Recommandations générales d’utilisation des progestatifs et de changement de traitement entre progestatifs
- En cas d’antécédent de méningiome ou de méningiome existant, la mise en place d’un traitement par l’un des 5 progestatifs (acétate de cyprotérone, acétate de chlormadinone, acétate de nomégestrol, médrogestone, acétate de médroxyprogestérone) à risque de méningiome est contre-indiquée.
Pour les autres progestatifs (seuls, en association dans un contraceptif ou un Traitement Hormonal Substitutif de la ménopause) il est recommandé de ne pas les utiliser.
Dans des situations exceptionnelles la prescription d’un traitement progestatif est possible après évaluation en réunion de concertation pluridisciplinaire (RCP), constituée de gynécologue et/ou endocrinologue et neurochirurgien, sur la base du rapport bénéfice/risque individuel pour la patiente et de l’existence ou non d’alternatives thérapeutiques. - La prescription d’un nouveau progestatif en relai d’un traitement antérieur par acétate de cyprotérone, acétate de chlormadinone, acétate de nomégestrol, médrogestone, médroxyprogestérone ou promégestone n’exclut pas le risque de méningiome, sans que l’on puisse actuellement le déterminer.

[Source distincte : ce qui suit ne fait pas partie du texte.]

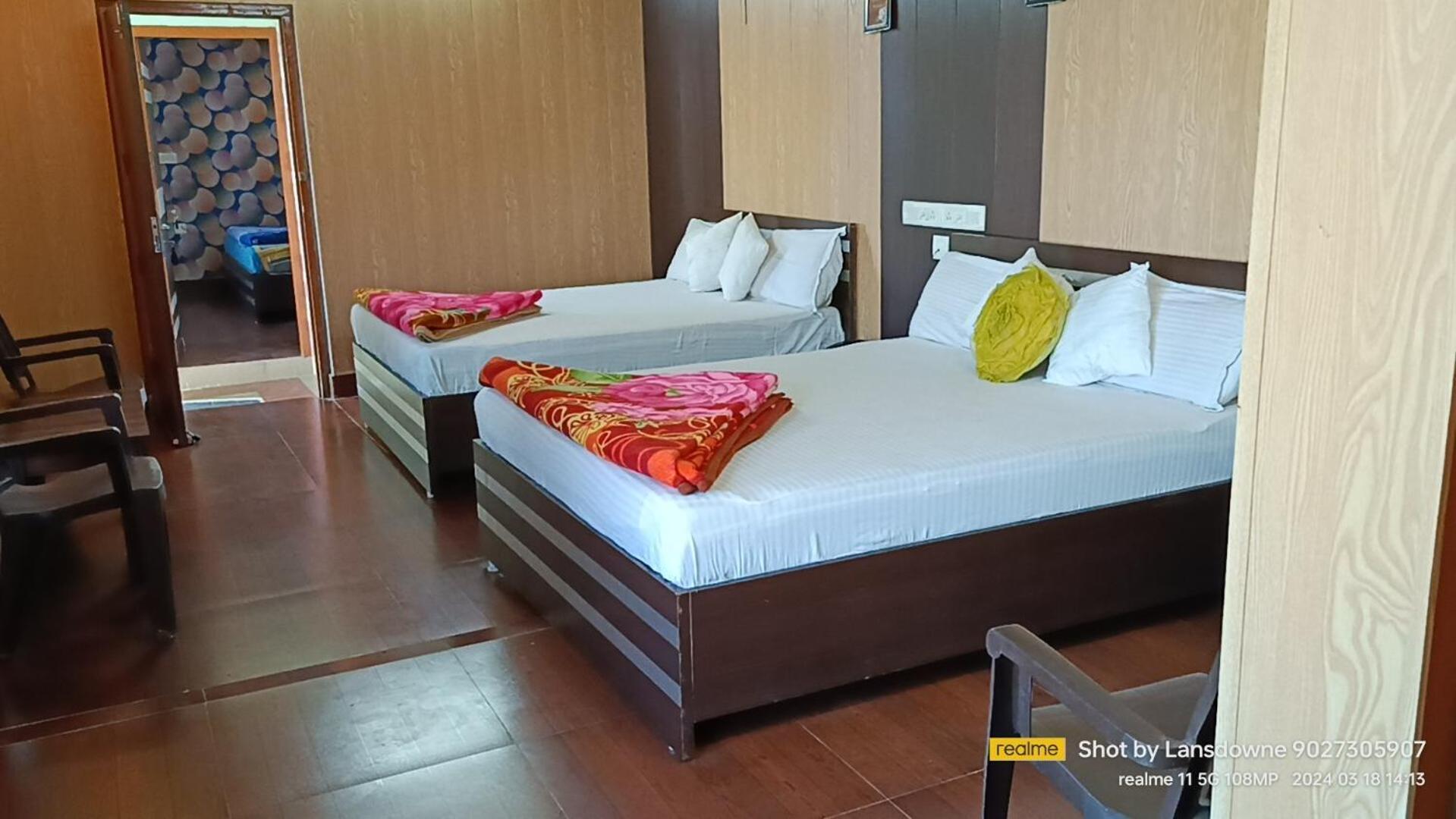 לנסדאון Joshi Holiday Home Stay מראה חיצוני תמונה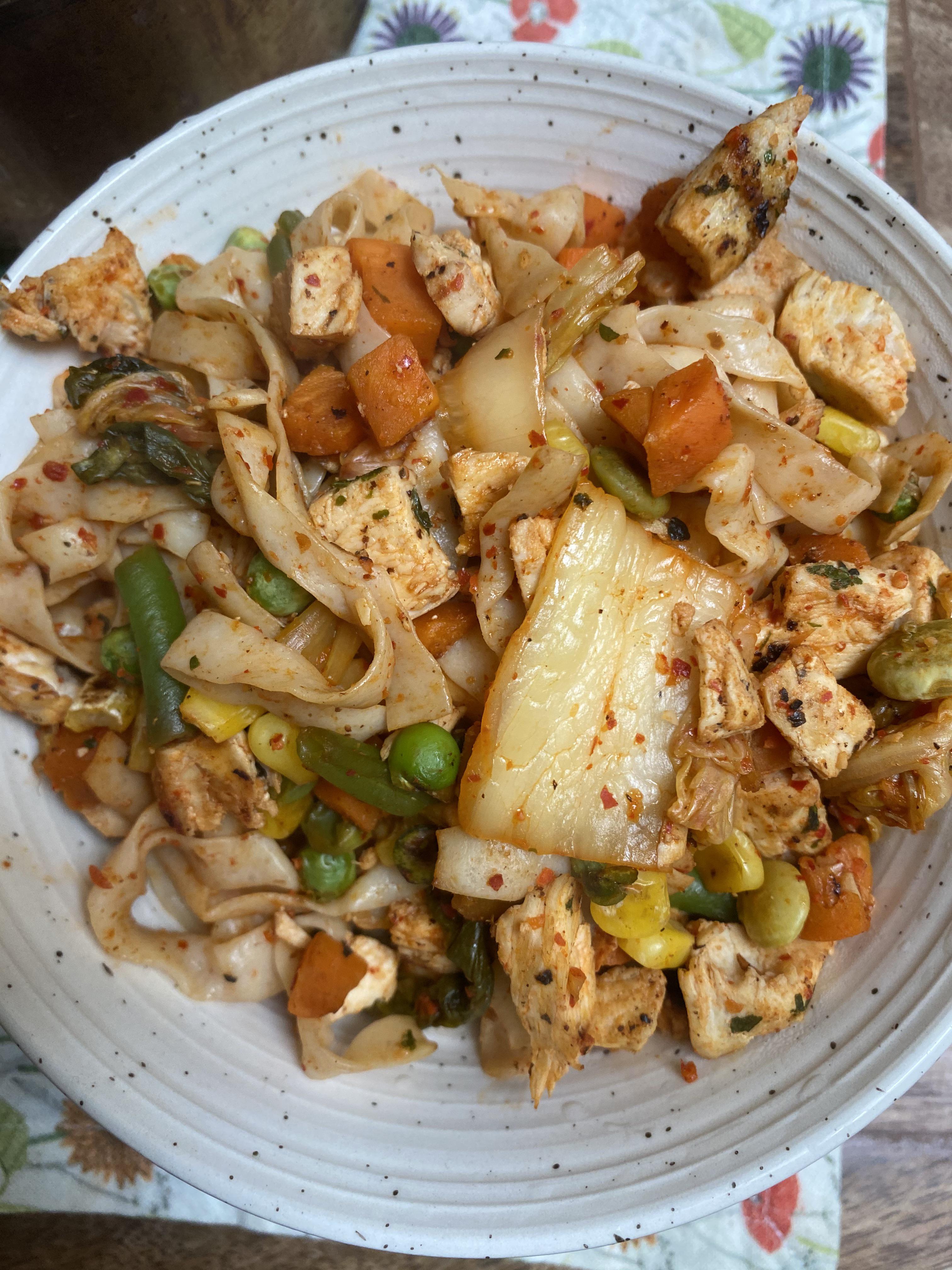 kimchi shirataki noodle stir fry😼 probably like 250 at most bc of the chicken Scrolller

En cas d’utilisation supérieure à un an d’un de ces progestatifs et de changement de traitement vers un progestatif à risque ou vers un progestatif avec un risque de méningiome non connu à ce jour, une IRM cérébrale doit être réalisée à l’instauration du nouveau traitement progestatif. - En cas de changement de traitement pour un progestatif non associé à un risque de méningiome (dispositif intra utérin - DIU - au lévonorgestrel, progestérone par voie orale, vaginale ou cutanée, dydrogestérone) une IRM sera réalisée si des signes évocateurs d’un méningiome apparaissent.

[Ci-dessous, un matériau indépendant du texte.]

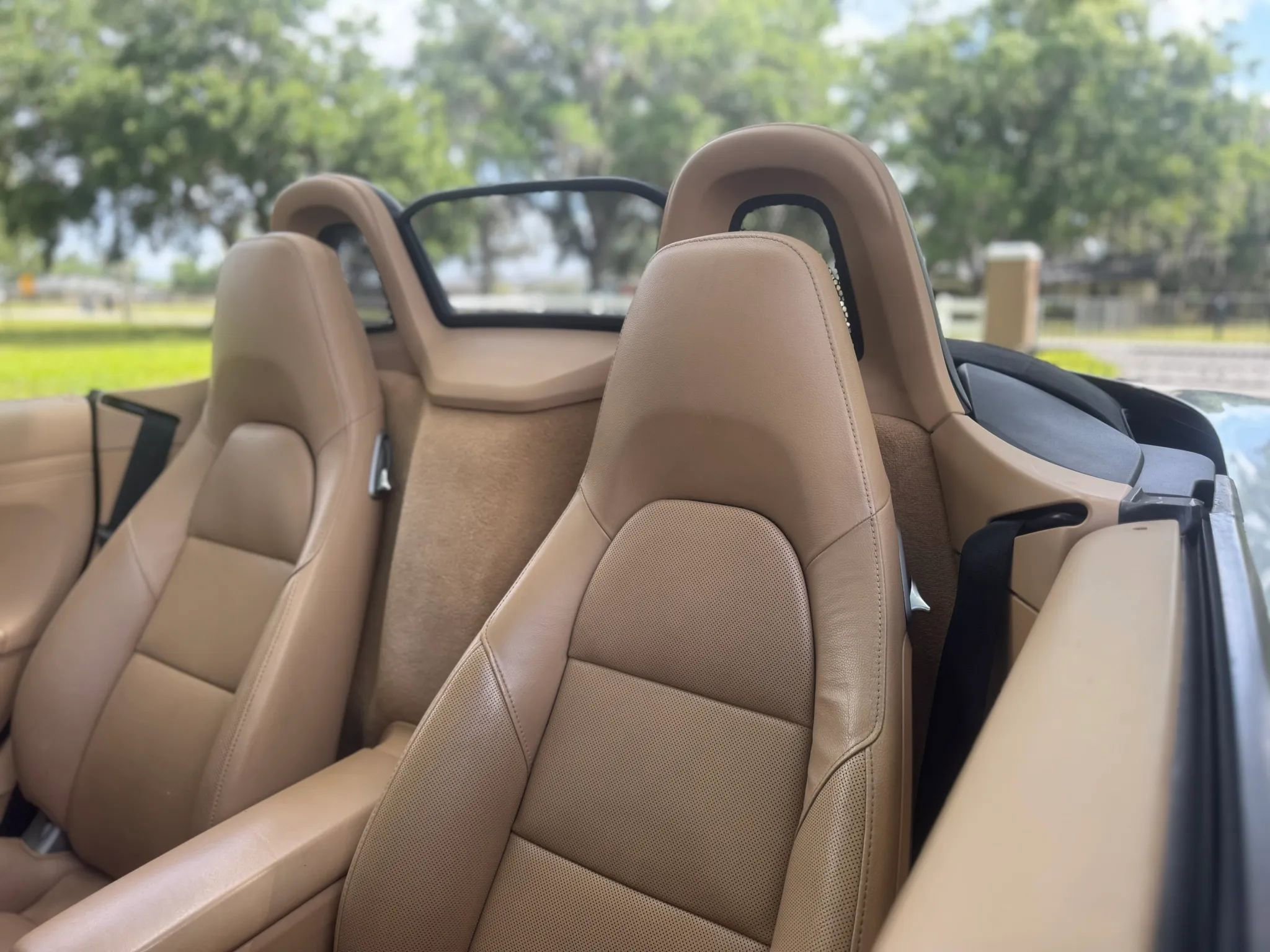 Used 2015 Porsche Boxster S RWD image 40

- Le traitement doit toujours être prescrit à la dose minimale efficace et pendant une durée d’utilisation la plus courte possible.
- L’intérêt de poursuivre le traitement doit être réévalué chaque année, notamment aux alentours de la ménopause, car le risque de méningiome augmente fortement avec l’âge.

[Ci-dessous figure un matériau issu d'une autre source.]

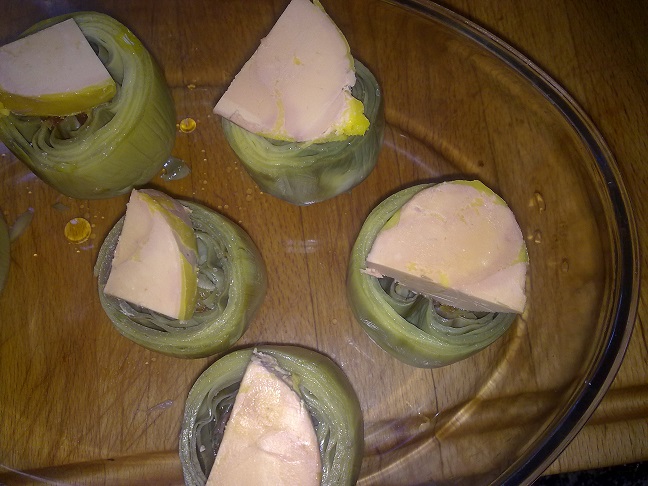 Corazón de alcachofas con foie y lomo de ternera al horno con patatas doradas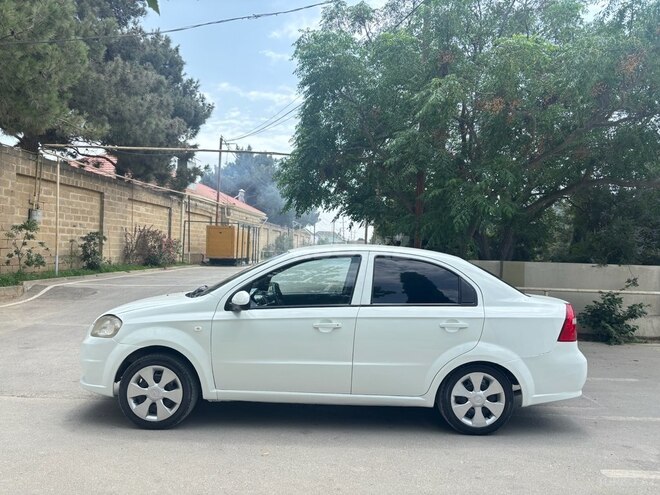 Chevrolet Aveo-5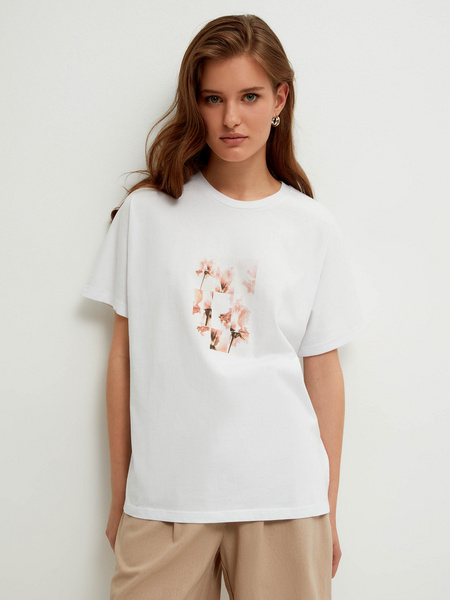 

Футболка женская ZARINA 2163527458-3 белая XS, 2163527458-3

- Une IRM cérébrale doit être réalisée en cas de signes évocateurs d’un méningiome.
Mesures de réduction du risque et actions à venir
Comme à chaque fois qu’un traitement progestatif a été associé à une augmentation de risque de méningiome, les mesures suivantes seront prises :- Renforcement des conditions de prescription et de délivrance de médrogestone (Colprone) et médroxyprogestérone (Depo Provera) avec mise en place d’une attestation annuelle d’information dès lors que le traitement est poursuivi au-delà d’un an et remise d’une fiche d’information patiente par le prescripteur (quelle que soit la durée du traitement).
- Envoi de courriers nominatifs aux patientes et aux prescripteurs ayant respectivement eu une délivrance ou prescrit de la médrogestone (Colprone) et de la médroxyprogestérone (Depo Provera) dans les 24 derniers mois.